When Bob Moog built Wendy Carlos her synthesizer back in the 1960s, it included a "Polyphonic Oscillator Bank" that consisted of twelve oscillators for the top octave, which then ran through frequency dividers for the lower three octaves. It would be interesting to see how you would do frequency division on an *analog* signal versus the digital presented here.
Please do a series on High Voltage power supplies. A variable power supply for experiments with tubes could be useful for learning how a tube works rather than just watching it on You Tube or reading about it.
Paul, please do make videos about oscillators & high-voltage power supplies. Also, I'd always wondered where multivibrators got their name, but assumed the name was from much earlier technology. Could you do a video on (multi)vibrators? Especially if you have access to one of the original mechanical vibrators?

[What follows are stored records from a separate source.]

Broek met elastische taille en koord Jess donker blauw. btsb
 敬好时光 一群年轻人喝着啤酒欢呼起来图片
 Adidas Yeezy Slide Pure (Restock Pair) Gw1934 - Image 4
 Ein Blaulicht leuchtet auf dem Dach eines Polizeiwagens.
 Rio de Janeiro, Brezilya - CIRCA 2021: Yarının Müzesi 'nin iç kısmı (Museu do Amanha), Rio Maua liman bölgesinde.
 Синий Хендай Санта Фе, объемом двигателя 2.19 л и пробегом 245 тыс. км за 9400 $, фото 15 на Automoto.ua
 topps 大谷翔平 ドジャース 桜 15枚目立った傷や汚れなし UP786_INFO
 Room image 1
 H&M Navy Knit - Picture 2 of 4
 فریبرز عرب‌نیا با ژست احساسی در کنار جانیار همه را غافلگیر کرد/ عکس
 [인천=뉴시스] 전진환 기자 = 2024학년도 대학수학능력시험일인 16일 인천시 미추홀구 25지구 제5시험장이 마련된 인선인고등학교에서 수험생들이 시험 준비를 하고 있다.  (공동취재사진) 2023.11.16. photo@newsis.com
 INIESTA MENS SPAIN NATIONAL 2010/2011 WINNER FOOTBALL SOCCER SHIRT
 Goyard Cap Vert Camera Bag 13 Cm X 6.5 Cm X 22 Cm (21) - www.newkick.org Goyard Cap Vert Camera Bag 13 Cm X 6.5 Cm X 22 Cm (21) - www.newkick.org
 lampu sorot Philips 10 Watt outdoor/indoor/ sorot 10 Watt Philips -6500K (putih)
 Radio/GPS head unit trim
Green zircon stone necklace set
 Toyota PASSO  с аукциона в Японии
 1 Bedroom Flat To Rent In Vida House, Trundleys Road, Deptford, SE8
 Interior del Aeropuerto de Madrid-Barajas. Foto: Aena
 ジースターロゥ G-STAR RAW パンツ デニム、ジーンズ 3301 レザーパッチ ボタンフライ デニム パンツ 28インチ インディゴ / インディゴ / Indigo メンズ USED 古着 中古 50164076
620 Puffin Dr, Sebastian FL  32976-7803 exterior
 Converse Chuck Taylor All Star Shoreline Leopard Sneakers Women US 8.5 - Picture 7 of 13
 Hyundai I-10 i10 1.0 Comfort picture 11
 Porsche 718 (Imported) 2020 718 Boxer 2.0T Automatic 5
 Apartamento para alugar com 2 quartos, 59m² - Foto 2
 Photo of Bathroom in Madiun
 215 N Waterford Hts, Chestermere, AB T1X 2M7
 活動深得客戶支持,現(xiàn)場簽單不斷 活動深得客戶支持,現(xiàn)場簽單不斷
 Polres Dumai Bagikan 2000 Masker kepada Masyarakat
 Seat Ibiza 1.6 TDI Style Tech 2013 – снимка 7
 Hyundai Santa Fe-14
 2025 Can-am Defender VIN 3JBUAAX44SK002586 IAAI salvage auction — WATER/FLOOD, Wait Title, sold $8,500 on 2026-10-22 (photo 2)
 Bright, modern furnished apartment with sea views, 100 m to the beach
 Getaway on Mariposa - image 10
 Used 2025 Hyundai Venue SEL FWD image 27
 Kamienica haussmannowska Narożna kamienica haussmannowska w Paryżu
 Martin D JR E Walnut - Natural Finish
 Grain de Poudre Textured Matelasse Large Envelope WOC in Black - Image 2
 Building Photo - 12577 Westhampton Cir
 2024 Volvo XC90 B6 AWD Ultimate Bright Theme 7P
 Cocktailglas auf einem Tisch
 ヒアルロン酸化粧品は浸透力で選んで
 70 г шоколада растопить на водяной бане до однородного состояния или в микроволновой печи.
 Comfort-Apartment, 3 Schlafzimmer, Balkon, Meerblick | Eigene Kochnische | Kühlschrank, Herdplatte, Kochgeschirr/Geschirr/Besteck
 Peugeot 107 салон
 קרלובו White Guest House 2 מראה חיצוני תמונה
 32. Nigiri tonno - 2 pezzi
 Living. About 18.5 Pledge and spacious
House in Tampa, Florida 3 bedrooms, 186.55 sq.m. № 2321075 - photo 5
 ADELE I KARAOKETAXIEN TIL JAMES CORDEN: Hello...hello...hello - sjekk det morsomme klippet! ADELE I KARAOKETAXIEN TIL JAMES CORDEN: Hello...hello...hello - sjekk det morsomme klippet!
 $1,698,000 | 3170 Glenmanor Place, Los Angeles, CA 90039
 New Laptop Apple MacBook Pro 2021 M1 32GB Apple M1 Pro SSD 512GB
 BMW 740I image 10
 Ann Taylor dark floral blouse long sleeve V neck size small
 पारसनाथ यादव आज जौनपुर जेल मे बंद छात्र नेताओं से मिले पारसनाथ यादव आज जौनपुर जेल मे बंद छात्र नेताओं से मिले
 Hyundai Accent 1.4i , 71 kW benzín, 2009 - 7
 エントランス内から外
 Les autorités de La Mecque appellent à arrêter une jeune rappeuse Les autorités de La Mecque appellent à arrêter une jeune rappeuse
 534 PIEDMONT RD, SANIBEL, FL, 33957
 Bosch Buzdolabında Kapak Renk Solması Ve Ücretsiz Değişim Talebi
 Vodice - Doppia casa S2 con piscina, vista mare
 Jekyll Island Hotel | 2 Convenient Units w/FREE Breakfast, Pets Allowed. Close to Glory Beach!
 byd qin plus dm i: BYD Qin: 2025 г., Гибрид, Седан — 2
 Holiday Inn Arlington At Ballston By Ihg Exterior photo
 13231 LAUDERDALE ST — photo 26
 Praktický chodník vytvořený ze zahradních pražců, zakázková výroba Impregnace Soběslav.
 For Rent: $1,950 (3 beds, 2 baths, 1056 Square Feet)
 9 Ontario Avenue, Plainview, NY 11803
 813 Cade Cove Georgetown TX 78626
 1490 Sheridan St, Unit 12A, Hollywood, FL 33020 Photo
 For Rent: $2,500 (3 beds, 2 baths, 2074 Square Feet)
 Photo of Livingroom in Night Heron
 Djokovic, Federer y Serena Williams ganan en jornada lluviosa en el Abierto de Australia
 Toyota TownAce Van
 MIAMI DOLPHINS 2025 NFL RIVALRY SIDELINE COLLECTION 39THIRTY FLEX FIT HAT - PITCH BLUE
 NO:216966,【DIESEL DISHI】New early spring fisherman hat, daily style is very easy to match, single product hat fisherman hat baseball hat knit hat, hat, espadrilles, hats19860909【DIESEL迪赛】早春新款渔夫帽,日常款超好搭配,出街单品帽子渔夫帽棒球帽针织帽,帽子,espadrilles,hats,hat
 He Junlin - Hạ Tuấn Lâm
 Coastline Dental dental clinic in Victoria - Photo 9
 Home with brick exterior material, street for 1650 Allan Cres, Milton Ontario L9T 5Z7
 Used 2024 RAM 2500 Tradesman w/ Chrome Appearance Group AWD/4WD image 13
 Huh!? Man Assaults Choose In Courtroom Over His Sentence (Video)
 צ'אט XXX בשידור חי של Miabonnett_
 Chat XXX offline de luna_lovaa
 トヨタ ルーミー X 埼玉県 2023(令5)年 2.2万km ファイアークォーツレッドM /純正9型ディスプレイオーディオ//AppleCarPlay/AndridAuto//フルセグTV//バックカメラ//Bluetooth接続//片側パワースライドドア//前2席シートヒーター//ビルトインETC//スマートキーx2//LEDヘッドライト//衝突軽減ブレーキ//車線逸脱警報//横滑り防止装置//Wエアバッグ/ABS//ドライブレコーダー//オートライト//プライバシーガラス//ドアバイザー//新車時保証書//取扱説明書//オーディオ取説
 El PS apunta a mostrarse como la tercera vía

Please excuse me if my remarks or questions here are too personal, but I have been playing your videos quite a lot lately, and I have become intrigued by your entire "setup"! I find myself wondering about you, so perhaps you would be kind enough to answer a couple of questions: -- Are you an instructor or perhaps a teacher or professor of electronics? If you aren't, you should be! You have an excellent way of breaking down complex questions and issues and then presenting your results verbally on you tube. I sincerely believe you have unique teaching talents! While you do valuable work here to contribute to the knowledge and understanding of many who watch your videos, you would be of even greater value if, in addition to what you do here, you also taught young people with your tremendous understanding and technical knowledge! You're probably already teaching somewhere, but I wanted to mention this in case you aren't. I have learned some things from your videos which I am very grateful for. Even though I have a BSEE degree, some of the things you have taught me in your videos are things that I have wondered about for years, which did not come up in my college studies. Thank you for the great videos you make! Please, KEEP 'EM COMING!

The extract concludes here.